El Paso Hormone Replacement Therapy Services
Have you ever considered Hormone Replacement and Optimization? As medical science evolves, researchers are becoming more and more aware of how hormones control our health and wellness, and even the aging process. All too frequently, people mistake symptoms of Hormone Imbalance for that of aging, which prevents them from getting amazing care that could change their life.
The Conscious Evolution Institute is a Licensed and Board Certified Medical Clinic which specializes in providing quality Hormone Replacement Therapy Products and Services to men and women over the age of thirty all across the United States. We have affiliate physicians all throughout the El Paso, Texas Area which assist us in our goal of providing quality Hormone Care. We perform our services remotely, and use these affiliates as our means to gather the necessary medical data to provide a quality diagnosis.
If you live in the El Paso area and are interested in learning more about how Hormone Restoration and Optimization can benefit you, we encourage you to fill out the contact form to your right, or give us a call at the number listed at the top of the page! We look forward to hearing from you!
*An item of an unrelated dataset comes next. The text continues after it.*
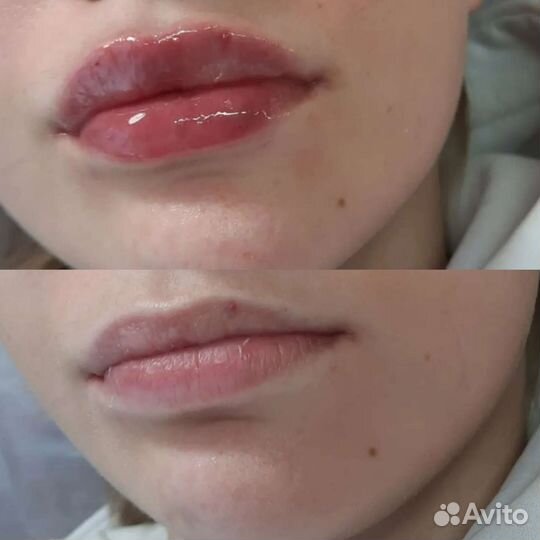 Увеличение губ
El Paso Human Growth Hormone Injection Therapy
Human Growth Hormone is one of the most important hormones produced by the human body. In adults, it is responsible for encouraging optimal cellular metabolism, an all-encompassing task which allows the healing and restorative processes of your body to keep up with your body's needs. HGH Levels in adulthood peak around the late twenties and start to fade slowly over the course of the rest of your life.
At first, these changes are almost entirely unnoticeable, but as your hormone levels get more and more out of balance, you'll start to experience a number of symptoms that can seriously impact your health, such as unexplained weight gain, loss of muscle mass, weakened immune system, trouble healing, and mild cognitive decline.
If you test positive for HGH Deficiency, we can have HGH Injections delivered directly to your door! In just a matter of months, following our Hormone Health Regimen, we can help you look and feel better than you have in years!
El Paso Sermorelin Acetate Therapy HGH Alternative
Of course, Human Growth Hormone is not the only tool at our disposal to help you overcome HGH Deficiency, we also offer another treatment known as Sermorelin Acetate Therapy. Sermorelin is the derivative of a naturally-occurring hormone known as Growth Hormone-Releasing Hormone, which naturally stimulates the production of natural HGH.
Sermorelin is a cost-effective alternative to Human Growth Hormone with an improved safety profile. Also, you may qualify for Sermorelin even if your HGH Levels aren't quite low enough to qualify for HGH Therapy. Contact us to learn more!
El Paso Testosterone Therapy for Low-T and Andropause
In addition to HGH Deficiency, our medical physicians also have years of experience with Testosterone Deficiency, and can help you put the fire back into your waning sex life. For men with waning libido and Erectile Dysfunction, Testosterone Therapy is highly effective at restoring sexual ability and intimacy.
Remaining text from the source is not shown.